Trial court erred in instructing the jury concerning kidnapping as defined by Penal Code section 667.61, subdivision (d)(2), but the error was harmless beyond a reasonable doubt. A jury convicted Moreland and Adams of attempted murder, robbery, aggravated kidnapping, and multiple sexual assault charges and found true various allegations under the One Strike law (Pen. Code, § 667.61, subds. (a), (d), and (e)). On appeal, defendants argued that the court erred in instructing the jury regarding the section 667.61, subdivision (d)(2) kidnapping qualifying circumstance alleged in connection with the rape and forcible oral copulation in concert offenses. Held: Affirmed as modified. Section 667.61, subdivision (d)(2), permits the imposition of an indeterminate sentence if two elements are met: (1) the defendant kidnapped the victim, and (2) the victim’s movement substantially increased the risk of harm to her above that necessarily inherent in the underlying sex offense. Here, the court’s instruction on the kidnapping qualifying circumstance referred the jury to the simple kidnapping jury instruction (CALCRIM No. 1215), which did not require the jury to find a substantially increased risk of harm, as required by section 667.61, subdivision (d)(2). The court had a sua sponte duty to instruct concerning the kidnapping qualifying circumstance, and failure to adequately instruct concerning the substantial increase in the risk of harm was error. However, the error was harmless beyond a reasonable doubt. The jurors impliedly found that there had been an increase in risk of harm during the lengthy asportation based on its guilty verdict on aggravated kidnapping. (Pen. Code, § 209, subd. (b)). In addition, overwhelming evidence supported that the increase in risk of harm was substantial.

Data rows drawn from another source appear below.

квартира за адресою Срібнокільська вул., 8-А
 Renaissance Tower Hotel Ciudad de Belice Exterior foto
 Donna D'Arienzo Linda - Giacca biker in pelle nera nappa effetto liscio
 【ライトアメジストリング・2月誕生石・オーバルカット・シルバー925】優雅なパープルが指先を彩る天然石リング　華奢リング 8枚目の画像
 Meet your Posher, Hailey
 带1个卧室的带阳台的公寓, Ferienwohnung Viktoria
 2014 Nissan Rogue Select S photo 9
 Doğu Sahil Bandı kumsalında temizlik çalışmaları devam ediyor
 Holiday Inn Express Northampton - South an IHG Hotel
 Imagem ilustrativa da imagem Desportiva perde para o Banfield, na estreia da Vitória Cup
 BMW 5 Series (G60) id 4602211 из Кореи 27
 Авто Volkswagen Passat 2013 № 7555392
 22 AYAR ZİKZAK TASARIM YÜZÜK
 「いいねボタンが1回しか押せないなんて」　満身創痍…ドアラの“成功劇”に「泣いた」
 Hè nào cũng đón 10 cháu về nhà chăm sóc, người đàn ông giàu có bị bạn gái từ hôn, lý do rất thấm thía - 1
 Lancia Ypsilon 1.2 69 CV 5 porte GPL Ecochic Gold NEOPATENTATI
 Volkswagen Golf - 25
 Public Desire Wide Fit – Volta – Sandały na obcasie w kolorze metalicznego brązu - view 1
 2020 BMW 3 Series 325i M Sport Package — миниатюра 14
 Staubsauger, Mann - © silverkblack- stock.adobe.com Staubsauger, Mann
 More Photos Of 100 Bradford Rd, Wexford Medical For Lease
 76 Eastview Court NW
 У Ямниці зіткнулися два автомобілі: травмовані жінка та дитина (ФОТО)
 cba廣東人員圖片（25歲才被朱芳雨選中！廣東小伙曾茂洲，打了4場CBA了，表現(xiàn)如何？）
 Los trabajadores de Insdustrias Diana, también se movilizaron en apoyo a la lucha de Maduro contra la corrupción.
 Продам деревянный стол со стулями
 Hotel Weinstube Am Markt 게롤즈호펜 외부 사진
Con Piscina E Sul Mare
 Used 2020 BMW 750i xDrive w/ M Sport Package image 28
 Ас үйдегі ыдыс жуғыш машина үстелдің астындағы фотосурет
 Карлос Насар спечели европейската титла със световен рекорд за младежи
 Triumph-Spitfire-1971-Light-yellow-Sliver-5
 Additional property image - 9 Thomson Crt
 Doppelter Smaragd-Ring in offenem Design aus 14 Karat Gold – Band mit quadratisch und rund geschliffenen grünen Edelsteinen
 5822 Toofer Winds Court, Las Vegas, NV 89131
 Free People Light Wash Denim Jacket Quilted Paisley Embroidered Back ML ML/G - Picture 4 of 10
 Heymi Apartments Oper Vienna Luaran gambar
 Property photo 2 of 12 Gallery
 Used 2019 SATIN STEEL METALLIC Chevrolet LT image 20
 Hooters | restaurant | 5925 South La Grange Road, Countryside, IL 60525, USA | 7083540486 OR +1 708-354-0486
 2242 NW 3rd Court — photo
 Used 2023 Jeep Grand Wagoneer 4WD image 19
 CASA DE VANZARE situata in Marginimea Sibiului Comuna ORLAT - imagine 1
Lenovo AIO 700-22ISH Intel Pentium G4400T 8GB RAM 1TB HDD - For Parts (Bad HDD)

Where a single act constituted a violation of both section 209, subdivision (b) for aggravated kidnapping and section 667.61 as a qualifying circumstance for an indeterminate sentence, the court was required to stay the sentence on the aggravated kidnapping. On appeal, defendants also challenged their indeterminate sentences for aggravated kidnapping. (Pen. Code, § 209, subd. (b)). Section 209 states that the section “shall not be construed to supersede or affect Section 667.61. A person may be charged with a violation of subdivision (b) and Section 667.61. However, a person may not be punished under subdivision (b) and Section 667.61 for the same act that constitutes a violation of both [sections].” (Pen. Code, § 209, subd. (d) [emphasis added].) Here, the parties agreed that for purposes of section 209, subdivision (d), the relevant act was the kidnapping of the victim with the intent to commit either rape or oral copulation. The act of kidnapping also constituted the basis for the defendants’ section 667.61 punishment. Therefore, even though there were different elements for each of the sections, the same act constituted a violation of both sections, and the trial court was required to stay the punishment on aggravated kidnapping pursuant to section 209, subdivision (d).
The trial court improperly assessed presentence conduct credits. Because the defendants were convicted of violent felonies as defined in section 667.5, subdivision (c), the trial court limited their presentence conduct credits to 15 percent under section 2933.1, subdivision (c). However, in 2006, prior to the present crimes, the Legislature amended section 667.61, subdivision (j), by eliminating defendants’ eligibility for conduct credit. Committee reports displayed the Legislature’s intent to eliminate conduct credits for defendants sentenced under the One Strike law. The trial court erred by assessing presentence conduct credits, and the judgments must be modified to eliminate such credits.